August 30, 1992, Spa-Francorchamps, Belgium.
The day when we witnessed Michael Schumacher’s debut win as an F1 racer. Schumi’s performances in his first complete season as an F1 driver with Benetton – Ford had been nothing short of something stellar. In the first 11 races of the season, he had completed 9 races and in none of these had he finished anywhere outside the top 4. The first 11 races also included 5 podium finishes. Needless to say, his first race win was becoming overdue.
The 12th race of the season was at the circuit where Michael made his debut a year back – Spa-Francorchamps. Michael had mentioned to the media before the race that he had a good feeling about the race, as he felt that this was where he would score his maiden win.

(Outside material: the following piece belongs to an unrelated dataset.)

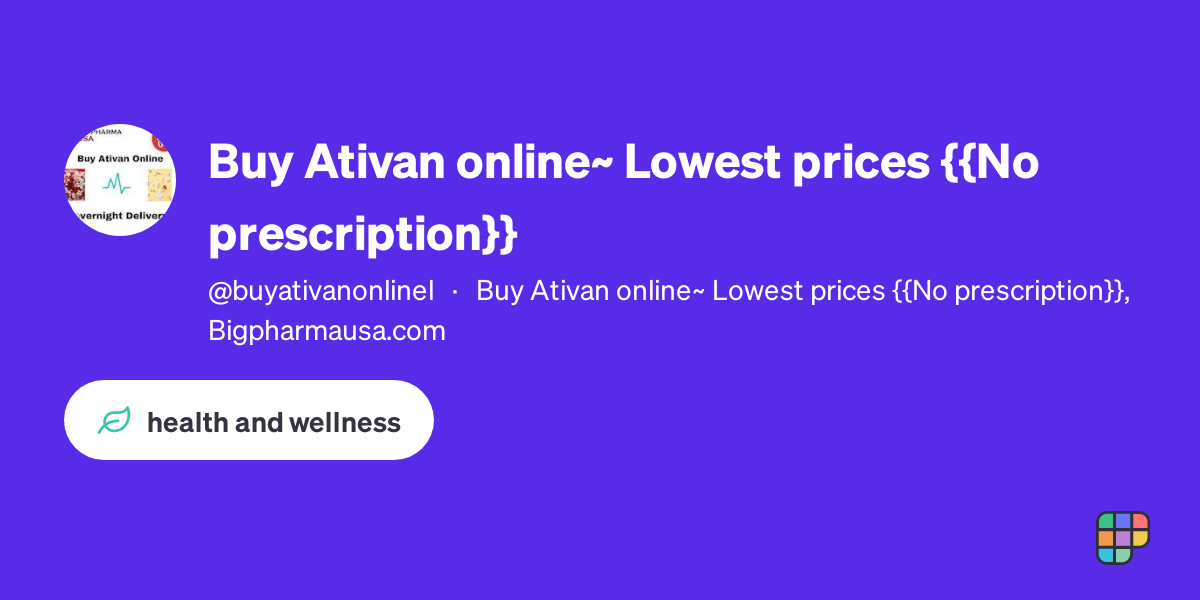 Polywork | Buy Ativan online~ Lowest prices {{No prescription}} -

The season was being dominated by Nigel Mansell who represented Williams-Renault and qualified at polo for Belgium too. Next to him was the genius Ayrton Senna in his McLaren-Honda. Michael started from third on the grid with Mansell’s team mate Patrese on 4th. Traditional Spa rains again hit the track before the start, reducing the advantage that Mansell usually enjoyed that season in his superior car. At the end of lap 3 with rain falling, Mansell pitted for wets followed by Patrese and Schumacher on the next lap. Senna stayed out as a gamble hoping the rain would stop but it didn’t and he dropped out of the reckoning. When it all settled down, Mansell was at the front followed by Patrese then Schumi and Brundle (Michael’s team mate) in 4th.

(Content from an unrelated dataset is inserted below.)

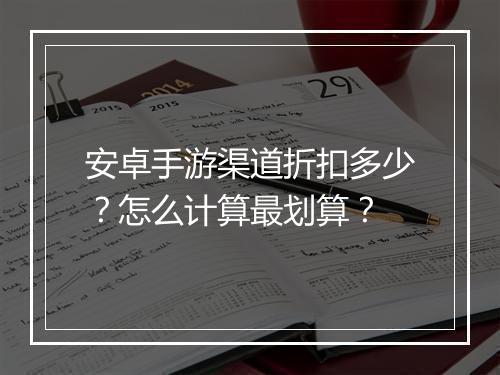 安卓手游渠道折扣多少?怎么计算最划算?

By lap 30th the track was beginning to dry up and Michael had a moment, he ran wide allowing Brundle to overtake and claim 3rd. However, Michael noticed that Brundle’s tyres were beginning to blister and he immediately went in and switched to slicks. Brundle stopped a couple of laps later and with superior tyres meant Schumi was again ahead of him in 3rd. The Williams’ team was late in reacting and both Patrese and Mansell stopped a few laps later, but the damage had been done thus far. Michael had taken over the race and had a sizeable lead-up front, and the extra few laps on the slicks of the drying track had worked big time.
Mansell did begin to eat into the gap but he had a problem with the exhaust of his car and could not keep up the challenge. Patrese, on the other hand, too faced similar issues but had enough in him to keep Brundle behind him in 4th.

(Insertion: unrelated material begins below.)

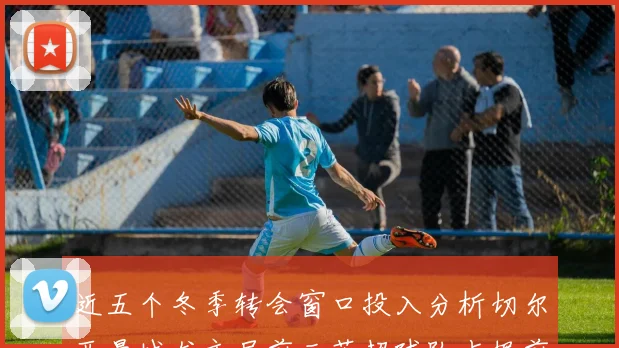 近五个冬季转会窗口投入分析切尔西曼城尤文居前三英超球队占据前十五名中的七席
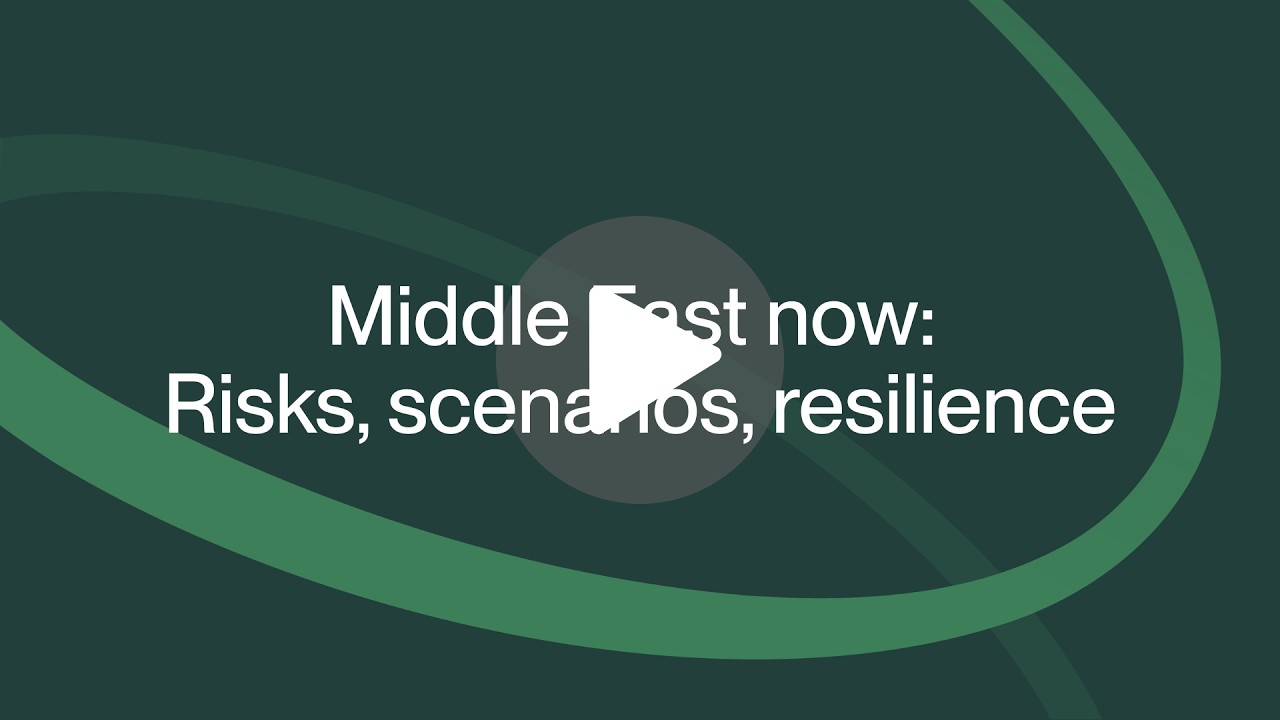 Middle East now: Risks, scenarios, resilience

Schumacher eventually finished the race with 36 seconds clear at the front securing his debut win in what was to be the first of ninety-one career triumphs. The turning point of the race was undoubtedly Schumi’s decision to switch to slicks quicker than any of the other challengers for the race which highlighted two weapons which would form the key to Michael’s arsenal in his career: the first being his superior skills on the wet surface compared to practically anyone on the grid, and the second being Michael’s ability to make real-time changes to his strategy depending upon the race conditions, as he often saw opportunities which people in the garage with the luxury of all the technology and equipment failed to notice.